- Born: 10 February 1970 (age 56) Porthcawl, Wales, United Kingdom
- Education: London Academy of Music and Dramatic Art (LAMDA)
- Occupation: Actor
- Spouse: Sarah Tansey (2005–present)

= Hywel Simons =

Welsh actor (born 1970)

Hywel Simons (born 10 February 1970) is a Welsh actor from Porthcawl, Wales. He is best known for playing Sergeant Craig Gilmore in the long-running ITV police drama The Bill (2001–2004).

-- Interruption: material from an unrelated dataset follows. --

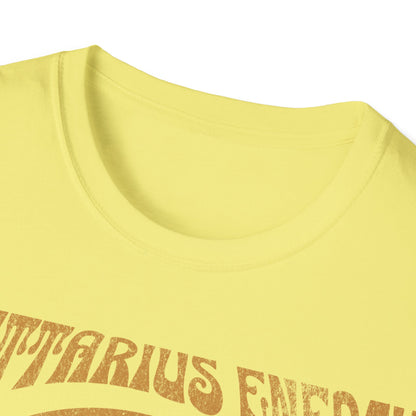Sagittarius Energy T-Shirt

==Early life and education==
Simons was born and raised in Porthcawl, Bridgend County Borough, Wales. He began acting as a pupil at Porthcawl Comprehensive School before studying at the London Academy of Music and Dramatic Art (LAMDA).

==Career==
Simons made his television debut in 1993 as oil-rig worker Wilf Granelli in the drama series Roughnecks. He later appeared in Little Britain as Glynn, a gay vicar.

In 2013 he played Torvald in Ibsen's A Doll’s House at the Royal Lyceum.

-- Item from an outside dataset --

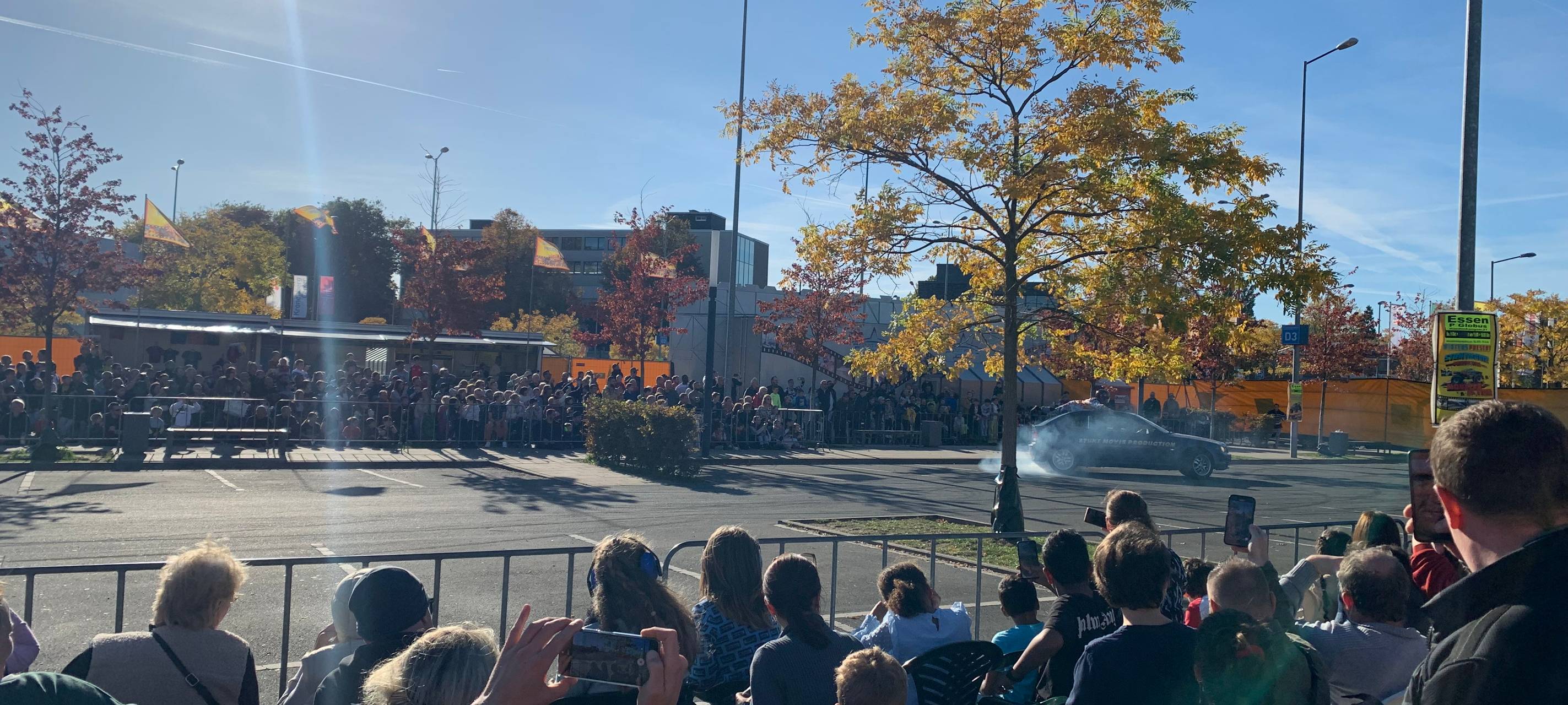 Große Motor-Show in Essen: Das waren die Highlights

Simons has also appeared in Dreamland (2023) and BBC’s Wolf (2023). In September 2025, Simons was cast as Jim Griffiths in the upcoming film The Man with the Plan, directed by Christine Edzard.

==Personal life==
Simons married actress Sarah Tansey in August 2005. He enjoys wood carving and uses a lathe to make bowls out of driftwood he finds on beaches.